Mas há sedução na dor e na crueza. Outra sala da mostra, também com imagens do Pelourinho e da Lapa, fica mergulhada na escuridão, iluminada por fracas lâmpadas que pendem do teto, e cheia de espelhos trincados.

Uma canção de cabaré, na voz de Fred Astaire, inunda a sala, e as fotografias vão para um segundo plano, com os reflexos dos espectadores tomando a dianteira nos espelhos estilhaçados pelo chão.

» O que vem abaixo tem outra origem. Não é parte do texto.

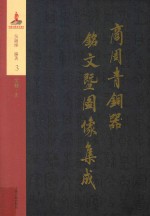 商周青铜器铭文暨图像集成 第3卷 食器·鼎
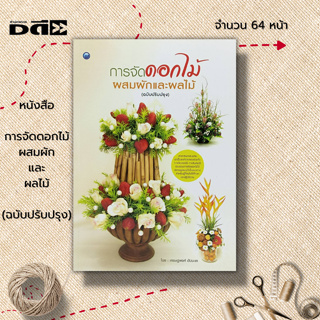 หนังสือ การจัดดอกไม้ผสมผักและผลไม้ (ฉบับปรับปรุง) : ศิลปะ งานฝีมือ การจัดดอกไม้ การจัดแจกัน รายละเอียดของวัสดุอุปกรณ์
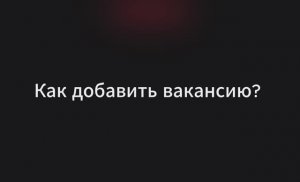 Как добавить вакансию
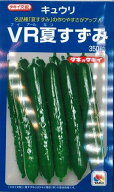 きゅうり VR夏すずみ 350粒 タキイ種苗(株) [種子/野菜]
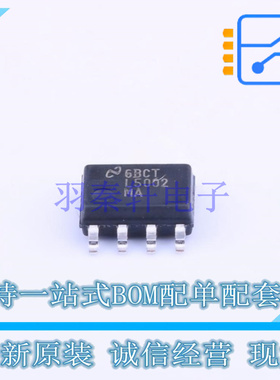 DC-DC电源芯片 LM5002MAX/NOPB SOIC-8 TI 全新原装正品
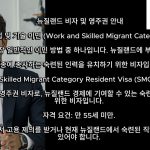 1755071228 maxresdefault infoshare - nz immigration news / 뉴질랜드 이민정보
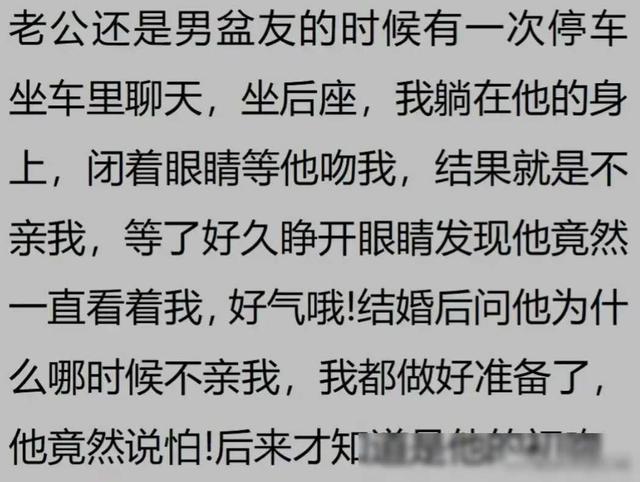 你有没有见过保守的男生?网友:怂死了,还要我女孩子亲自解开!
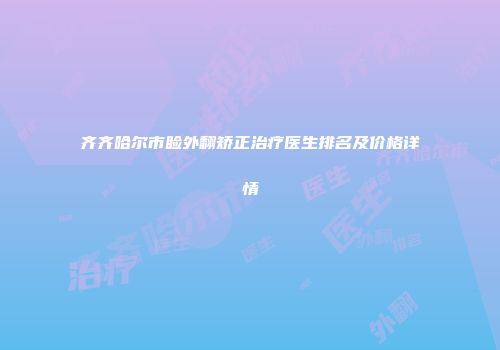 齐齐哈尔市睑外翻矫正治疗医生排名及价格详情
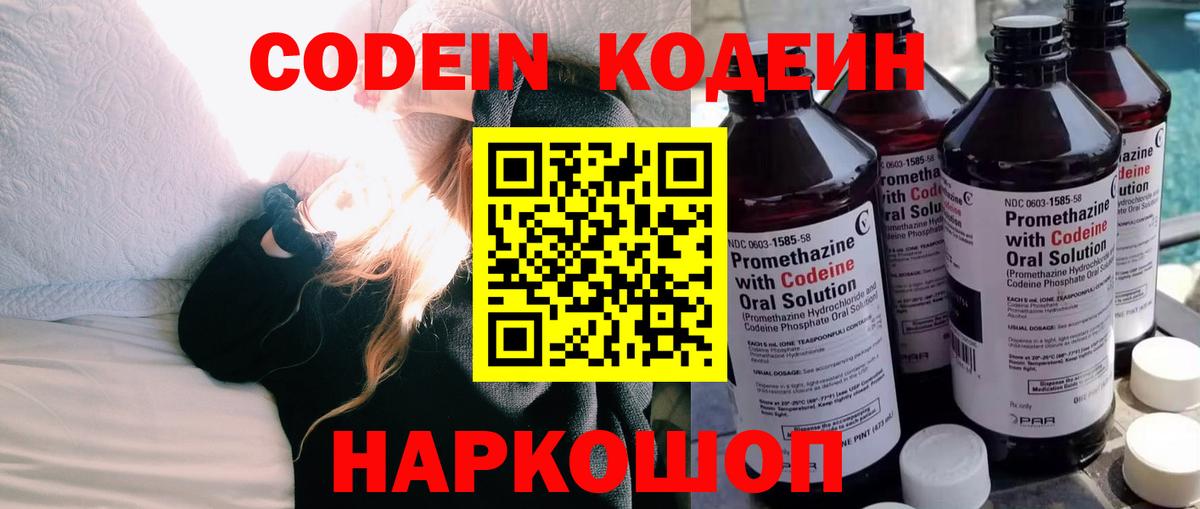 Кодеин напиток Lean (лин) Елец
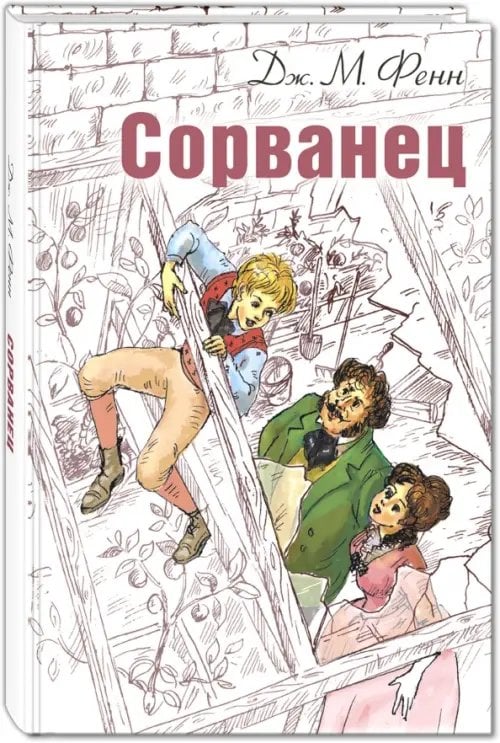 Мировая книжка Сорванец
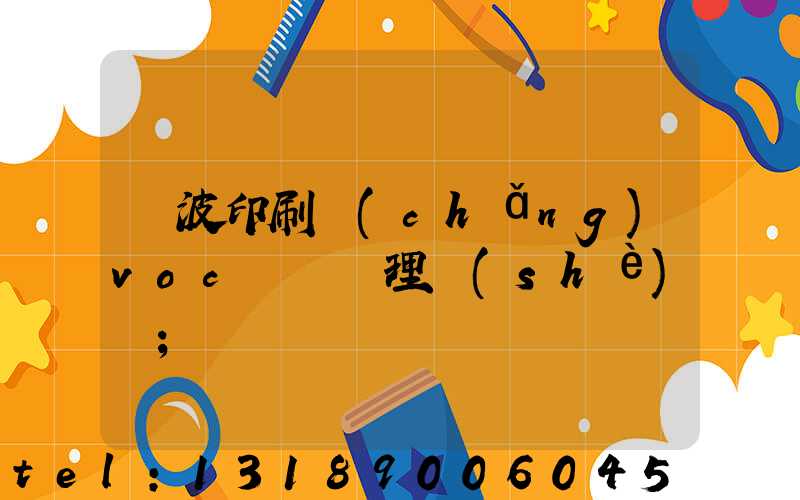 寧波印刷廠(chǎng)voc廢氣處理設(shè)備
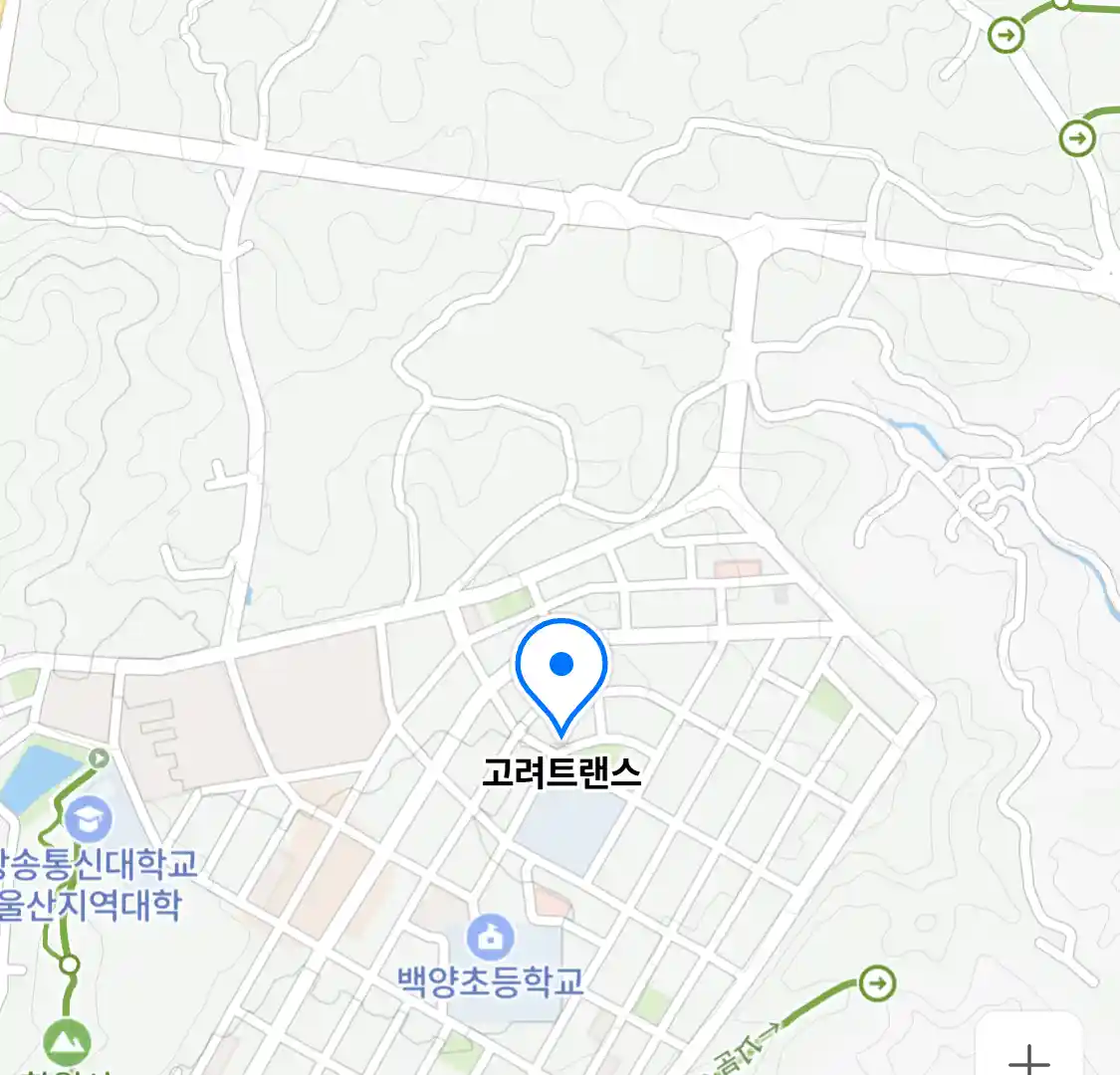 고려트랜스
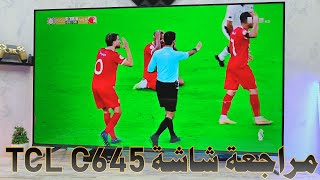 TCL C645 2023 | مراجعة و اطلاع على الشاشة و اهم الميزات و المواصفات screenshot 5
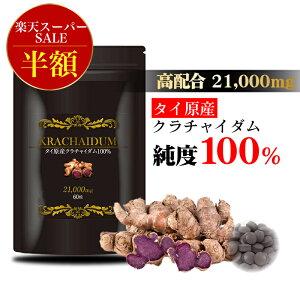 ySS/VKl50%OFFN[|z N`C_ 100% Tv  C AMj }J 2.55{ j M |gLVt{ ubNWW[  I 傤  Tvg a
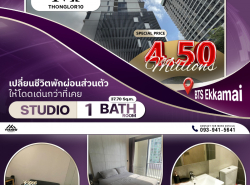 ขายราคาพิเศษ M Thonglor 10 ตกแต่งจัดเต็ม ห้องสตูดิโอ เลี้ยงสัตว์ได้ ใกล้ BTS เอกมัย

"Isso tem a ver com o cinema e com o teatro. Meu trabalho é híbrido", diz o artista. "Já me disseram que faço música com a minha fotografia. Eu tento é criar ritmos."

E eles vão do pancadão sangrento das primeiras salas da mostra, de pugilistas e carcaças, à melancolia mais lírica dos últimos ambientes.

Lá estão imagens de tubarões impressas sobre retalhos de seda, que balançam com o passar dos visitantes, e imagens que ele fez em Tóquio, de meninas, plantas e bares de karaokê quase sempre dominadas por tons de azul.

"É outro o clima", diz Rio Branco. "Não tem nada de violência, mas todas as obras se conectam por uma intensidade interna, dramática."

FANTASMA DO CORPO

Outra mostra do artista, agora em cartaz na Casa França-Brasil, no Rio, também tem obras com essa intensidade oculta contrapostas a outras bem mais explícitas.

De um lado, estão para-brisas cravejados de balas de revólver, enquanto outra sala exibe uma só imagem, um grande espaço vazio. Nada acontece, a não ser a música.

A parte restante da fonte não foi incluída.